* _WHAT THIS TASK INVOLVES_
Repeat each record below exactly as given.

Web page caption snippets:
== Segment start ==

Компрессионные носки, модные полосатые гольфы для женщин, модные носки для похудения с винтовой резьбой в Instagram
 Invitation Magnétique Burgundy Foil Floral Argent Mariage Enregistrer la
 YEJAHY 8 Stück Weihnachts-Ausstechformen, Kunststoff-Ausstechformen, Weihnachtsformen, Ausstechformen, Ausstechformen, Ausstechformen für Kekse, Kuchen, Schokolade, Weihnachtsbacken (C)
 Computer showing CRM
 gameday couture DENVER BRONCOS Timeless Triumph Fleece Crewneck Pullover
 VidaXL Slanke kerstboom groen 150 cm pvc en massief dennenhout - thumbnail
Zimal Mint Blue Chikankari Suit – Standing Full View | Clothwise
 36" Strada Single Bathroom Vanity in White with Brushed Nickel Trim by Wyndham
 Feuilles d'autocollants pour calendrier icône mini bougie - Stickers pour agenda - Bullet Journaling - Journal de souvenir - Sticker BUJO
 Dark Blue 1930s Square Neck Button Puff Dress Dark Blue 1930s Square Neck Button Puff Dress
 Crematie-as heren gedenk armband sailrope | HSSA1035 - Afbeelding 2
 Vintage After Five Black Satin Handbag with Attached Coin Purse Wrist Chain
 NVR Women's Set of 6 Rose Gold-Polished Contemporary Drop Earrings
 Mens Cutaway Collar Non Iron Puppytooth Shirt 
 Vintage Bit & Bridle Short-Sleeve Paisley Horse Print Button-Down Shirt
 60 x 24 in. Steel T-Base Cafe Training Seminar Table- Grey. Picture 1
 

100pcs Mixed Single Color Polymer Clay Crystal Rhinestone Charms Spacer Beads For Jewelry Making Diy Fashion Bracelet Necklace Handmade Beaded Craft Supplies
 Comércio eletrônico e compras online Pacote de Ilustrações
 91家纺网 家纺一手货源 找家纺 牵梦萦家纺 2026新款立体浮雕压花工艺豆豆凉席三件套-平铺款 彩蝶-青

== Segment end ==

* _RESPONSE_
Компрессионные носки, модные полосатые гольфы для женщин, модные носки для похудения с винтовой резьбой в Instagram
 Invitation Magnétique Burgundy Foil Floral Argent Mariage Enregistrer la
 YEJAHY 8 Stück Weihnachts-Ausstechformen, Kunststoff-Ausstechformen, Weihnachtsformen, Ausstechformen, Ausstechformen, Ausstechformen für Kekse, Kuchen, Schokolade, Weihnachtsbacken (C)
 Computer showing CRM
 gameday couture DENVER BRONCOS Timeless Triumph Fleece Crewneck Pullover
 VidaXL Slanke kerstboom groen 150 cm pvc en massief dennenhout - thumbnail
Zimal Mint Blue Chikankari Suit – Standing Full View | Clothwise
 36" Strada Single Bathroom Vanity in White with Brushed Nickel Trim by Wyndham
 Feuilles d'autocollants pour calendrier icône mini bougie - Stickers pour agenda - Bullet Journaling - Journal de souvenir - Sticker BUJO
 Dark Blue 1930s Square Neck Button Puff Dress Dark Blue 1930s Square Neck Button Puff Dress
 Crematie-as heren gedenk armband sailrope | HSSA1035 - Afbeelding 2
 Vintage After Five Black Satin Handbag with Attached Coin Purse Wrist Chain
 NVR Women's Set of 6 Rose Gold-Polished Contemporary Drop Earrings
 Mens Cutaway Collar Non Iron Puppytooth Shirt 
 Vintage Bit & Bridle Short-Sleeve Paisley Horse Print Button-Down Shirt
 60 x 24 in. Steel T-Base Cafe Training Seminar Table- Grey. Picture 1
 

100pcs Mixed Single Color Polymer Clay Crystal Rhinestone Charms Spacer Beads For Jewelry Making Diy Fashion Bracelet Necklace Handmade Beaded Craft Supplies
 Comércio eletrônico e compras online Pacote de Ilustrações
 91家纺网 家纺一手货源 找家纺 牵梦萦家纺 2026新款立体浮雕压花工艺豆豆凉席三件套-平铺款 彩蝶-青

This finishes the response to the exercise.